All morning the Army’s intermountain radio warned: “There’s enemy fire. It’s way too hot. You need to leave.”
Still, Maj. Charles Kelly continued into the highlands of northeast Vietnam on a medical evacuation mission in his UH-1 “Huey” helicopter, replying that he would leave only “when I have your wounded.”
A few seconds later – on July 1, 1964 – a bullet came through an open cargo door and pierced Kelly’s heart before he could save five soldiers. Kelly’s crew survived but the commander died, despite the efforts of his men to start an IV.
Fifty years later – with a coming rush of anniversaries of the Vietnam War – his five words carry significant meaning for an American war still seen by many as a mistake.

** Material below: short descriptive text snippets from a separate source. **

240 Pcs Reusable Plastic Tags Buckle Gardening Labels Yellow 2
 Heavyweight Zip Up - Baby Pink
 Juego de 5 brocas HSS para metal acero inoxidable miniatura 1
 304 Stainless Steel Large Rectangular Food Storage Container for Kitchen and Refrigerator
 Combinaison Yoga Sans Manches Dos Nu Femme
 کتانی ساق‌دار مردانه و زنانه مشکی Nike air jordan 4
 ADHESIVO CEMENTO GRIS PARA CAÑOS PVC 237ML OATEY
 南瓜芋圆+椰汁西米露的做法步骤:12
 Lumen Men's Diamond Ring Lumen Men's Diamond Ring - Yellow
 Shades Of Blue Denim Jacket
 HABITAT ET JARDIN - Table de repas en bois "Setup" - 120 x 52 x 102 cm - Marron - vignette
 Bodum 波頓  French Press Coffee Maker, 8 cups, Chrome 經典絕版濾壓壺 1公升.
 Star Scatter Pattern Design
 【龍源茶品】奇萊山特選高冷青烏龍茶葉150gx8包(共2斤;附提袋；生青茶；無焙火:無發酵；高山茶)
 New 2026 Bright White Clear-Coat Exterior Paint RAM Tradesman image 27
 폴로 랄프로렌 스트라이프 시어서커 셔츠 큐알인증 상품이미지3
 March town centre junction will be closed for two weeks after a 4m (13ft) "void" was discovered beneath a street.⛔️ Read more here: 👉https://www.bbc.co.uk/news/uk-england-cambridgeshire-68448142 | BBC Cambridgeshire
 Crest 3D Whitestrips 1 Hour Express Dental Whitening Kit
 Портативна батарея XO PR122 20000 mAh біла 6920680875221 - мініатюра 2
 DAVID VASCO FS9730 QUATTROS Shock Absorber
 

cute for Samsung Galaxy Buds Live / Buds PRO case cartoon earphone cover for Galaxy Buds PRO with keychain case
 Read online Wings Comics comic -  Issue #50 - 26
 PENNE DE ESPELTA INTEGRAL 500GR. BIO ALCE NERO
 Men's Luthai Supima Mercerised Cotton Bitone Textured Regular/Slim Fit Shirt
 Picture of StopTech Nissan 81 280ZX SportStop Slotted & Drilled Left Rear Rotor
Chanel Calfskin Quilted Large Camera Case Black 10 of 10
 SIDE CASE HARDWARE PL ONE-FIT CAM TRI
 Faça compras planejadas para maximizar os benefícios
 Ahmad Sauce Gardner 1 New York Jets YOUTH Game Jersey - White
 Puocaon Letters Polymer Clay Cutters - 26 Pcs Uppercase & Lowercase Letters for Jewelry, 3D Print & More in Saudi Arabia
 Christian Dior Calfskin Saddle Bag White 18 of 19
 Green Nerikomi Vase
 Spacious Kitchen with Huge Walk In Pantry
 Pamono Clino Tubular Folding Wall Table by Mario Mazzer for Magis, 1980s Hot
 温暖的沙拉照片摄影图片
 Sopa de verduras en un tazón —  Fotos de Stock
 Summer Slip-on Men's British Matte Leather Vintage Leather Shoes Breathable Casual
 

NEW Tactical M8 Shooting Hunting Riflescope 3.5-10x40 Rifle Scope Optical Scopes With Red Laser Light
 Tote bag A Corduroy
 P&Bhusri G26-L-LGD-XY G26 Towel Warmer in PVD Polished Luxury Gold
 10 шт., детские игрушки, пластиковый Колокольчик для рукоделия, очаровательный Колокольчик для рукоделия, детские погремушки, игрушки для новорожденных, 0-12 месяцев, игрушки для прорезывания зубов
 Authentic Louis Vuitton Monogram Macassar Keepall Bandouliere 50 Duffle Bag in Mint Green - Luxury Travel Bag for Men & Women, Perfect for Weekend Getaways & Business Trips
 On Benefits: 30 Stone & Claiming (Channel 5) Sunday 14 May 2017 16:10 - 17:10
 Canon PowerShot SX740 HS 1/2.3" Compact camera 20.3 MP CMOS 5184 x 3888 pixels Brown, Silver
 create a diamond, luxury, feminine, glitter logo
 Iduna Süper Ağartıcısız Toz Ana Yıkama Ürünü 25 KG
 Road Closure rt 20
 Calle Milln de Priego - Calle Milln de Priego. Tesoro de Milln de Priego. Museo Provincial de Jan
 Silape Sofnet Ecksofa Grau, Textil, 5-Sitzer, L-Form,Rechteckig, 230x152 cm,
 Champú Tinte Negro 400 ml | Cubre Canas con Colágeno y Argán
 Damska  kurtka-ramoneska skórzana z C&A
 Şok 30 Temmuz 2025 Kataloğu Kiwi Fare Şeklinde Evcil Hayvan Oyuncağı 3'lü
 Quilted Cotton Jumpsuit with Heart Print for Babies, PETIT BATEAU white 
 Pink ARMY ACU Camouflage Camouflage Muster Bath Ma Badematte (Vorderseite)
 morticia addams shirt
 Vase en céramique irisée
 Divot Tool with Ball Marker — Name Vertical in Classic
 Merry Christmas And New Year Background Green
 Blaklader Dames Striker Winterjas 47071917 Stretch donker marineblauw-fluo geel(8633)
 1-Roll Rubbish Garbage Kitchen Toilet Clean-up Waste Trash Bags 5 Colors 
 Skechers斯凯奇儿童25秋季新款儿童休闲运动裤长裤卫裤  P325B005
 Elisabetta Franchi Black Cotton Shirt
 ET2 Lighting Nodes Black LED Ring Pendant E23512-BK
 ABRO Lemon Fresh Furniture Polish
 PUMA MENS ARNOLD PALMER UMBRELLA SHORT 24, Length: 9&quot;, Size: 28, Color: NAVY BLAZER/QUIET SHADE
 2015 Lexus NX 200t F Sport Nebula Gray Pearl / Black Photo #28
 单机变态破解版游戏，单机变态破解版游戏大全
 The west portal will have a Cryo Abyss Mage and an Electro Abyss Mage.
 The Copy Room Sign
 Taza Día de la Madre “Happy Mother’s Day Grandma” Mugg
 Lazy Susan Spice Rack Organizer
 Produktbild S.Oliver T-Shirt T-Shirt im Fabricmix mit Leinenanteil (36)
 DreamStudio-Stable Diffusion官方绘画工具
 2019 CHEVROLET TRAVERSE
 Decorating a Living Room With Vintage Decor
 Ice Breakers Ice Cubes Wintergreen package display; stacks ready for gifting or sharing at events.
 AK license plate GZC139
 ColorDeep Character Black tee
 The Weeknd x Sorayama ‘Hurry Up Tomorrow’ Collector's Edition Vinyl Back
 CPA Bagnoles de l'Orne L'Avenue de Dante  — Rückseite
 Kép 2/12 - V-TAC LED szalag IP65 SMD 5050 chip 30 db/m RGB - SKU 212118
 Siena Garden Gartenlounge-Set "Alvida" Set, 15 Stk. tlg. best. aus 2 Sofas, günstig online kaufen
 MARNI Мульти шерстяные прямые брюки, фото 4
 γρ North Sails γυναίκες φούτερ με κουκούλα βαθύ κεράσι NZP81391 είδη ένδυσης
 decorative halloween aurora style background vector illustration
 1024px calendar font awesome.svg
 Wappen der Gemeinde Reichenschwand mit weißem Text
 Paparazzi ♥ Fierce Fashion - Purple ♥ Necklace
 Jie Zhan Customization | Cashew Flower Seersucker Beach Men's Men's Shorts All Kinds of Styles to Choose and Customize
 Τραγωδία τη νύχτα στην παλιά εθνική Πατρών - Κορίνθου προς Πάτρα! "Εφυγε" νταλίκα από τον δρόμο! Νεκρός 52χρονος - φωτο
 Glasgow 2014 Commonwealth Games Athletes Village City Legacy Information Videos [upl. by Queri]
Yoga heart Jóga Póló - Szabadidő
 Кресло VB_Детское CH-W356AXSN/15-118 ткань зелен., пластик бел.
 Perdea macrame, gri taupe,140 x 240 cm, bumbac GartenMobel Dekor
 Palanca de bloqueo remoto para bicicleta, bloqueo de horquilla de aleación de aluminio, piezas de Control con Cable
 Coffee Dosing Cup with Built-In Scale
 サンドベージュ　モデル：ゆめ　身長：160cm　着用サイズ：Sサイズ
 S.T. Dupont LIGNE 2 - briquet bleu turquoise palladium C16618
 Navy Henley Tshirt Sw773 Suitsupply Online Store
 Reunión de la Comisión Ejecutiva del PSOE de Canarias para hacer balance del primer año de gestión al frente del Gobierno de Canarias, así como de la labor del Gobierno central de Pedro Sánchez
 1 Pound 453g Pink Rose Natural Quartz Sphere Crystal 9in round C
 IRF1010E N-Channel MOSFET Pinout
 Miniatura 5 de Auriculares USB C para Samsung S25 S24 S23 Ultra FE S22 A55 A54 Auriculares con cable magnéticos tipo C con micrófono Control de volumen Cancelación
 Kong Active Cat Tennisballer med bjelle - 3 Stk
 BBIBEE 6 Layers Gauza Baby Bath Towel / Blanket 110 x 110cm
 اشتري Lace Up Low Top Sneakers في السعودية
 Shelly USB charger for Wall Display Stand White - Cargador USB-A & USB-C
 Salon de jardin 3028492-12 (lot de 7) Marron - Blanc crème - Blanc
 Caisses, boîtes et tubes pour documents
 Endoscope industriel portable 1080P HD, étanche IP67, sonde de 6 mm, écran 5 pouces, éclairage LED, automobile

Army statistics show that more than 850,000 military personnel and Vietnamese civilians were rescued by air ambulances from 1962 to 1973, a figure that greatly outnumbers the 58,220 deaths and 303,645 injuries of American personnel in the war.
Such transports continue today under the legacy of Kelly’s call sign, “DUSTOFF,” and his last five words – “when I have your wounded.” It’s also the title of a documentary released in 2013 by the Pentagon and narrated by Kelly’s son, Charles Kelly Jr., a computer repairman from Martinez.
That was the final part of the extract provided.